Pod koniec listopada dwa wnioski o udzielenie informacji publicznej, dotyczące polityki płacowej, wystosowała do NBP Sieć Obywatelska Watchdog.
Czytaj także: Płace w NBP wciąż owiane tajemnicą
SOW wystąpiła m.in. o informacje, jakie były zarobki prezesa NBP i członków zarządu tej instytucji w poszczególnych miesiącach 2017 i 2018 r. Pytała również o nagrody dla poszczególnych pracowników w 2018 r. oraz całkowitą pulę nagród w latach 2014-2018. Bank centralny odpowiedział na te pytania wybiórczo. SOW zapowiada więc, że zaskarży w sądzie administracyjnym odmowę udzielenia informacji publicznej.
Pytania były związane z kontrowersjami dotyczącymi kompetencji i zarobków Martyny Wojciechowskiej, dyrektor Departamentu Komunikacji i Promocji NBP, oraz Kamili Sukiennik, dyrektor gabinetu Glapińskiego, która zasiada też w radzie nadzorczej KDPW. Według „Gazety Wyborczej" ta pierwsza otrzymuje miesięcznie 65 tys. zł.
Na początku stycznia NBP zorganizował konferencję prasową dotyczącą polityki kadrowej i płacowej w banku centralnym, która jednak nie rozwiała wątpliwości.

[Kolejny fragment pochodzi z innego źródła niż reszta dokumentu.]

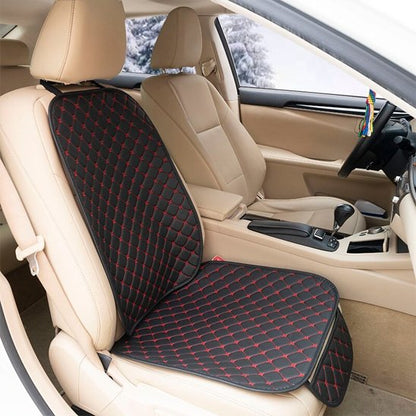 housse de voiture design en losange cousu avec surpiqûres contrastées rouge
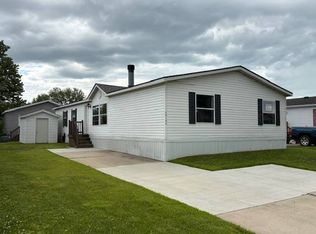 59130 Dawn St, New Haven, MI 48048
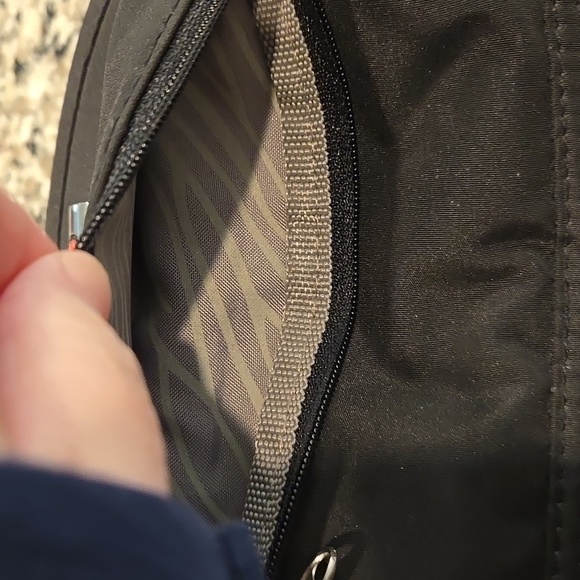 DELSEY ON THE GO SHOULDER BAG. FOLDABLE. BLACK. - Picture 10 of 12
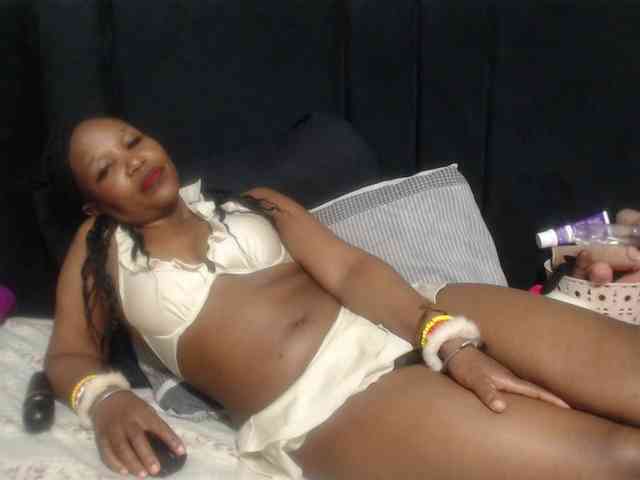Sheila80 webcam
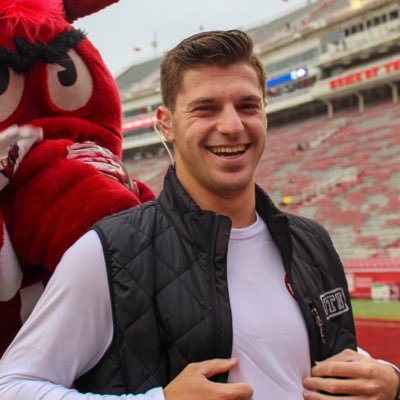 Talkin’ 🐗 for @PigTrailNation on @KNWAFOX24/@kark4news | Jersey Born, @IUMediaSchool Bred | Probably ranting about the Cubs, Bears and Hoosiers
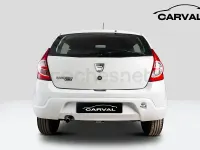 Käytetty Dacia Sandero 75 HP (55 kW) 2012 Valkoinen Sedan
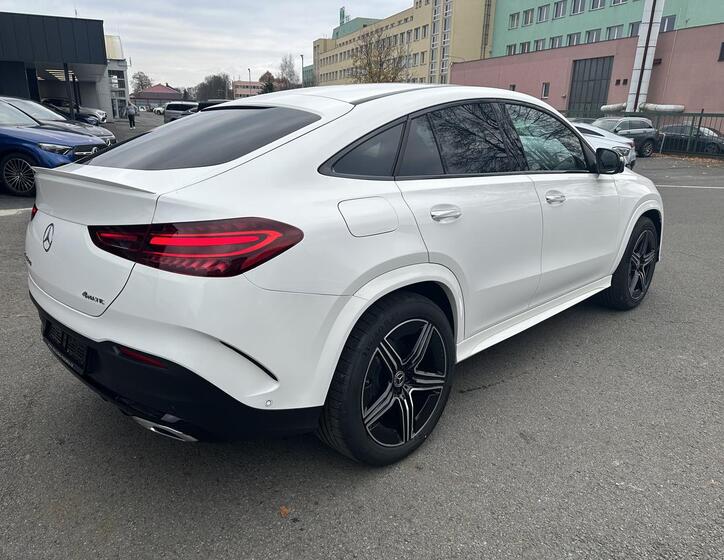 Mercedes-Benz GLE 7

NBP nie ujawnił zarobków najbliższych współpracownic prezesa. Podał jedynie, że przeciętne miesięczne wynagrodzenie na stanowisku dyrektora w tej instytucji wynosiło w 2018 r. 36,3 tys. zł brutto (uwzględniając wszelkie nagrody i dodatki). Tego samego dnia na konferencji po posiedzeniu RPP Glapiński precyzował, że Martyna Wojciechowska jest wśród 14 dyrektorów zarabiających podobnie.